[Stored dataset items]
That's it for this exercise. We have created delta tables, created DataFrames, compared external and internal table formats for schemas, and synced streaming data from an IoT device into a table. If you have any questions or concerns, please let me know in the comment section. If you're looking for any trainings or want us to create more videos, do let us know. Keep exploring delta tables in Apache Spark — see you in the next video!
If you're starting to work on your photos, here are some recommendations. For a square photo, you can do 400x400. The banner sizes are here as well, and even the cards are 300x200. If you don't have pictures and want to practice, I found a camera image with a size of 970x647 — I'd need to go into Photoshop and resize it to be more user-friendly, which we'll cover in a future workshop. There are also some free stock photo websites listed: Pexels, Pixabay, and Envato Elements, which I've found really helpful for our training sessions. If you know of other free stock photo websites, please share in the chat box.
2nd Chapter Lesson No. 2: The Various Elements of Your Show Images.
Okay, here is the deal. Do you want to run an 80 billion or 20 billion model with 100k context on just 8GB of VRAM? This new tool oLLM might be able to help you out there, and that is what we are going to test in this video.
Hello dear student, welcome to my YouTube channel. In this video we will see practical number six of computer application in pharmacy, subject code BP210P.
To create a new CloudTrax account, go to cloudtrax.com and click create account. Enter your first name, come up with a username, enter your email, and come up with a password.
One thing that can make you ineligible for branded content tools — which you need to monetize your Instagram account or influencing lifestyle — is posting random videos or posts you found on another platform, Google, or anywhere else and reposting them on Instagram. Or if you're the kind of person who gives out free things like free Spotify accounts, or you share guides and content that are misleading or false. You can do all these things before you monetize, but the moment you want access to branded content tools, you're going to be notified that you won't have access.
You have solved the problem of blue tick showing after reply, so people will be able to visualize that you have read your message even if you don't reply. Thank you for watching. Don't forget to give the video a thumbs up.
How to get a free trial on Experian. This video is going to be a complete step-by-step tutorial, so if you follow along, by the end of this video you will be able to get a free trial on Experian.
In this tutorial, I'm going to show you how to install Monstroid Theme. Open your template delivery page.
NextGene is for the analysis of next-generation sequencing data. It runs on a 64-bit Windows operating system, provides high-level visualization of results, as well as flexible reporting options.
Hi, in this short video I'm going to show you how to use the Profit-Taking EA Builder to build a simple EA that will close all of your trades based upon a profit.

— Problem to work on —
Transcribe the records in full, word for word.

— Task response —
That's it for this exercise. We have created delta tables, created DataFrames, compared external and internal table formats for schemas, and synced streaming data from an IoT device into a table. If you have any questions or concerns, please let me know in the comment section. If you're looking for any trainings or want us to create more videos, do let us know. Keep exploring delta tables in Apache Spark — see you in the next video!
If you're starting to work on your photos, here are some recommendations. For a square photo, you can do 400x400. The banner sizes are here as well, and even the cards are 300x200. If you don't have pictures and want to practice, I found a camera image with a size of 970x647 — I'd need to go into Photoshop and resize it to be more user-friendly, which we'll cover in a future workshop. There are also some free stock photo websites listed: Pexels, Pixabay, and Envato Elements, which I've found really helpful for our training sessions. If you know of other free stock photo websites, please share in the chat box.
2nd Chapter Lesson No. 2: The Various Elements of Your Show Images.
Okay, here is the deal. Do you want to run an 80 billion or 20 billion model with 100k context on just 8GB of VRAM? This new tool oLLM might be able to help you out there, and that is what we are going to test in this video.
Hello dear student, welcome to my YouTube channel. In this video we will see practical number six of computer application in pharmacy, subject code BP210P.
To create a new CloudTrax account, go to cloudtrax.com and click create account. Enter your first name, come up with a username, enter your email, and come up with a password.
One thing that can make you ineligible for branded content tools — which you need to monetize your Instagram account or influencing lifestyle — is posting random videos or posts you found on another platform, Google, or anywhere else and reposting them on Instagram. Or if you're the kind of person who gives out free things like free Spotify accounts, or you share guides and content that are misleading or false. You can do all these things before you monetize, but the moment you want access to branded content tools, you're going to be notified that you won't have access.
You have solved the problem of blue tick showing after reply, so people will be able to visualize that you have read your message even if you don't reply. Thank you for watching. Don't forget to give the video a thumbs up.
How to get a free trial on Experian. This video is going to be a complete step-by-step tutorial, so if you follow along, by the end of this video you will be able to get a free trial on Experian.
In this tutorial, I'm going to show you how to install Monstroid Theme. Open your template delivery page.
NextGene is for the analysis of next-generation sequencing data. It runs on a 64-bit Windows operating system, provides high-level visualization of results, as well as flexible reporting options.
Hi, in this short video I'm going to show you how to use the Profit-Taking EA Builder to build a simple EA that will close all of your trades based upon a profit.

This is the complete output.